This does not need to be high-speed rail, but rather the conventional, off-the-shelf electric rail already planned for Caltrain, of the variety that operates in the Northeastern US and much of Europe — efficient, high capacity trains that can travel 100-120 mile per hour comfortably and safely. In conjunction with a new transbay rail tunnel, the Capitol Corridor should be electrified and right of way captured from the freight railroads. One could take an electrified “baby bullet” from San Jose, through San Francisco, and continue to the East Bay and Sacramento. As Caltrain is electrified to the south, let’s also electrify the Altamonte Commuter Express trains, bring them across a rebuilt Dumbarton Bridge, and run high-frequency rail service into the new Transbay Terminal.

Understanding that this will take time to build, in the short term the Bay Bridge should be reconfigured to have bus-only lanes (and a bicycle lane on the bottom deck of the west span) and a greatly expanded AC Transit service that can relieve the looming BART crowding to the East Bay.

How to pay for these transbay dreams? A transbay rail project could get funding from Amtrak and other federal sources, requiring our congressional delegation to work for it. The state gasoline tax or eventual carbon taxes, and revenue from tolling Bay Area freeways, should be in the mix. The 101 and 280 should be tolled as well as the Caldecott Tunnel and I-80 in the East Bay, with revenue directed at electric rail in the long term and regional buses short term. And while people are talking about reforming Proposition 13 to end the artificially low property taxes on commercial land, let’s remember that transit — whether Muni, BART, or Caltrain — brings massive value to commercial property owners. They should be realistically expecting to pay in. In short, there are possibilities and ways to do this.

Here’s one small additional idea for raising seed money: In the wake of the Google bus controversy, the SFCTA, SFMTA, SF Planning Department, and City Attorney’s Office should assemble a crack team of California Environmental Quality Act experts and send them (on Caltrain and bike share!) down to comment on every large-scale suburban office project proposed in Silicon Valley. For example, Mountain View, where Google has its campus, is effectively displacing part of its transportation and housing responsibility to San Francisco.

As part of the CEQA mitigation for these suburban office projects, San Francisco ought to be demanding that Google/ Mountain View contribute to paying for the Transbay Terminal and electrifying Caltrain (a separate fund would be directed to affordable housing as mitigation for displacement). This is a similar line of reasoning to the May 1 lawsuit against the Google bus pilot, but it draws in those responsible for the poor planning in suburban sprawl. Regardless, the city ought to take a look at a CEQA mitigation angle for addressing the impacts these suburban decisions are having on the city.

 

PRAYING FOR ENLIGHTENMENT

One last point about transit finance: I sure hope Mayor Ed Lee, his political advisors, and all those religious ministers who complained about paying for metered parking on Sundays (see “Politics over policy,” April 22) have a plan to advocate for the November ballot proposals to help finance Muni.

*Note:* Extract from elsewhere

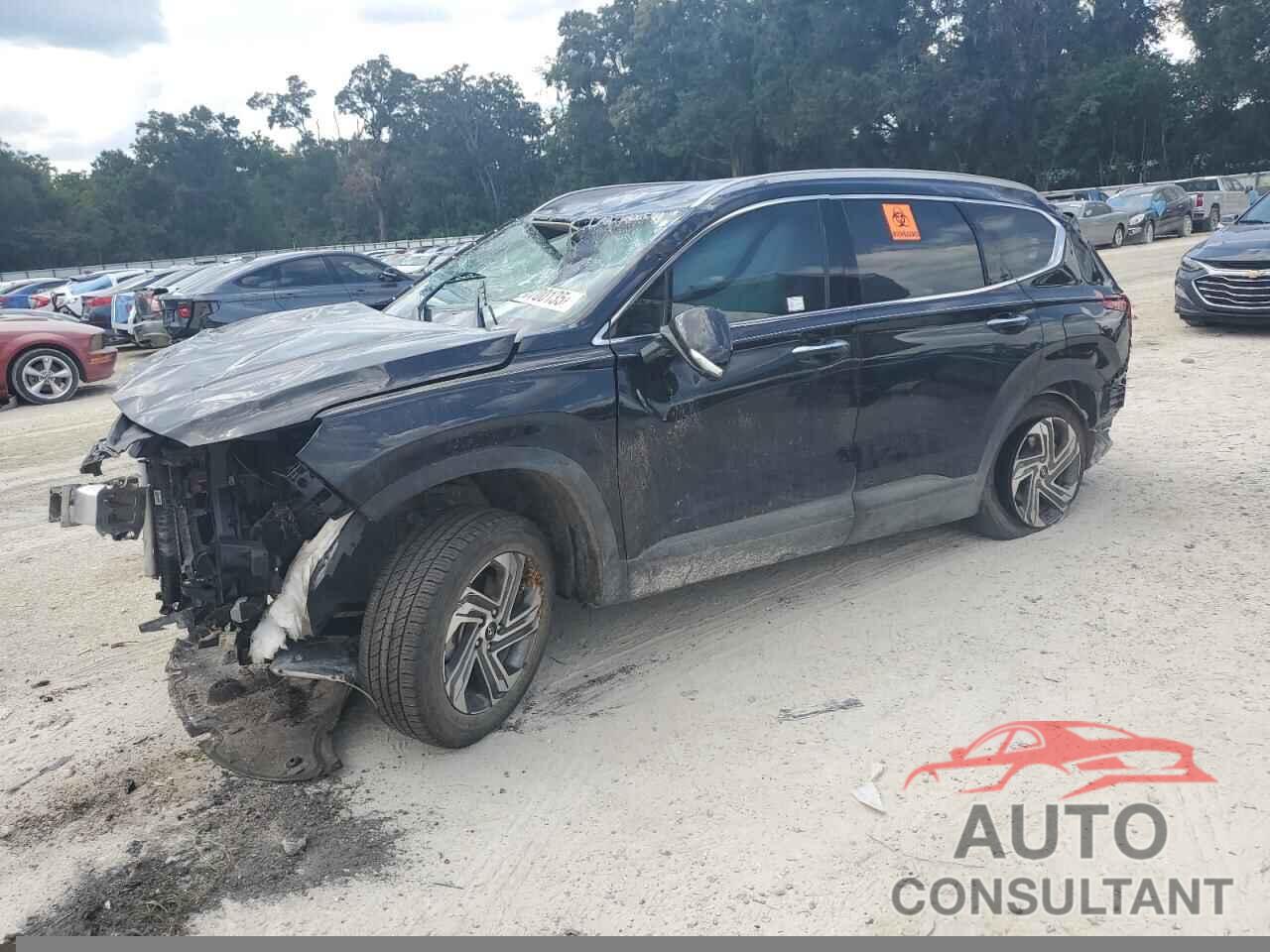 HYUNDAI SANTA FE 2023 - 5NMS24AJ1PH562971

They sold out sustainable transit advocates, their biggest ally on the November ballot initiatives, and have offered no rational explanation for their strategy, just an emotional hunch that somehow some people can’t cope with Sunday metering, and that making it free again will convince them to support increased public transit funding.

I imagine there is a well-thought-out campaign strategy, whereby every Sunday between now and November, the mayor is visiting all the churches in the city, and cajoling the ministers to use their pulpits to enthusiastically preach the merits of increasing the vehicle license fee (as well as approving a related general obligation bond).

After all, the VLF is a progressive tax — the more expensive your car, the more you pay. The older and cheaper your car, the less you pay. And bringing in $73 million annually would contribute to making God’s green earth cleaner, and help transport God’s children safely to work and on their errands. Praise the Lord and free parking on Sunday! Amen.

Street Fight is a monthly column by Jason Henderson, a geography professor at SF State and the author of Street Fight: The Politics of Mobility in San Francisco.

The fight for a higher minimum wage: SF vs. Seattle

On May Day, Seattle Mayor Ed Murray proposed raising the city’s minimum wage to $15 an hour.

As a point of comparison, this proposal would put Seattle minimum-wage earners in the position of only having to devote 46 percent of their total pre-tax income toward rent (based on median monthly rental prices) instead of 63 percent.

Here in San Francisco, the Coalition for a Fair Economy is also seeking to raise the municipal minimum wage, by filing for a measure for the November ballot. The proposal would raise the minimum wage from the current $10.74 per hour to $15 an hour, increasing minimum wage earners’ annual salaries from $22,339 per year to $31,200.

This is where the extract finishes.